Le droit est sans équivoque : l’application du paragraphe 160(1) n’est pas subordonnée à l’intention de se dérober au paiement d’une dette fiscale. Or, un mobile illicite peut jouer sur la manière dont la Cour évalue les opérations et leurs répercussions[93]...

[200] Les appelantes n’ont rien fait pour éviter le paiement de l’impôt par les filiales. Les appelantes ont simplement vendu leurs parts dans les filiales à WTC. WTC a pris des mesures pour éviter le paiement de l’impôt par les filiales.

[201] WTC a cherché à profiter des ententes en prenant des mesures pour réduire les dettes fiscales des filiales. Les appelantes ont obtenu plus pour leurs actions que ce à quoi on pourrait s’attendre en théorie compte tenu des dettes fiscales, car WTC a assumé le risque fiscal relative à la propriété des filiales. Pour ses propres raisons, WTC a évalué les dettes fiscales des filiales à un montant inférieur au montant réel des dettes.

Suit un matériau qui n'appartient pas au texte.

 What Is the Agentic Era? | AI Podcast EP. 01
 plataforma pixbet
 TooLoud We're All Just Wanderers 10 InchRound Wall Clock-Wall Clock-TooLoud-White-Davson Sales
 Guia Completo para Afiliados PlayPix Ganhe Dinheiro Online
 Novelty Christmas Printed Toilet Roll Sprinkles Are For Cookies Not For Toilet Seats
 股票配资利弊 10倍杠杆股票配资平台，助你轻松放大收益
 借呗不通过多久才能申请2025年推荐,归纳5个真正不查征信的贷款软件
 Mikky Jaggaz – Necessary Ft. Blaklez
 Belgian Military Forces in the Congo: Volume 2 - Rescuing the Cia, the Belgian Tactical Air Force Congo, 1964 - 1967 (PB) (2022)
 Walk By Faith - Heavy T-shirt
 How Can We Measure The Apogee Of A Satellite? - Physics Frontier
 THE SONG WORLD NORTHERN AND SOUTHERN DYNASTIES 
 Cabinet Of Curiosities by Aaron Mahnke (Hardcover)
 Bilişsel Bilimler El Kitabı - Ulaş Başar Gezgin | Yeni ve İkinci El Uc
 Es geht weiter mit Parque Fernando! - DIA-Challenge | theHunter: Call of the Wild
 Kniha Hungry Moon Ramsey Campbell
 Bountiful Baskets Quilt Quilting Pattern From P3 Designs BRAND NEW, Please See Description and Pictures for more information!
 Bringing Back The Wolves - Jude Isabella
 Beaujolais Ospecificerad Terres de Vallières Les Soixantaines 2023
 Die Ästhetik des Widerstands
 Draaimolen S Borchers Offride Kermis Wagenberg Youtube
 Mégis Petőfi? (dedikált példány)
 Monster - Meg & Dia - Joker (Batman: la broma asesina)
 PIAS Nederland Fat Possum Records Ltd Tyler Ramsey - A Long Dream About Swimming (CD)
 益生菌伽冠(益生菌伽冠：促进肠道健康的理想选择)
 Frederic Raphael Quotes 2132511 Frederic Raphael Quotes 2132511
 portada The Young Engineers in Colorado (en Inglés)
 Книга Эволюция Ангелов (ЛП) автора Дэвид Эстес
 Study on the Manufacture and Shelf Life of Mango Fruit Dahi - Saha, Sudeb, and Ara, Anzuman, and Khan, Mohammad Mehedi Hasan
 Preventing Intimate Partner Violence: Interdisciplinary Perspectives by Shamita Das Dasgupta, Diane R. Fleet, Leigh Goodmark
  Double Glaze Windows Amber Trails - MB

[202] L’offre de WTC aux appelantes était fondée sur la possibilité de prendre des mesures pour réduire la dette fiscale des filiales. Les opérations commerciales étaient telles que le risque lié à la dette fiscale des filiales incombait clairement à WTC en tant qu’acheteur des filiales. Les appelantes ont déclaré et garanti que la divulgation des actifs et des passifs fiscaux des filiales dans les accords de vente d’actions était exacte au 29 décembre 2006, mais rien de plus.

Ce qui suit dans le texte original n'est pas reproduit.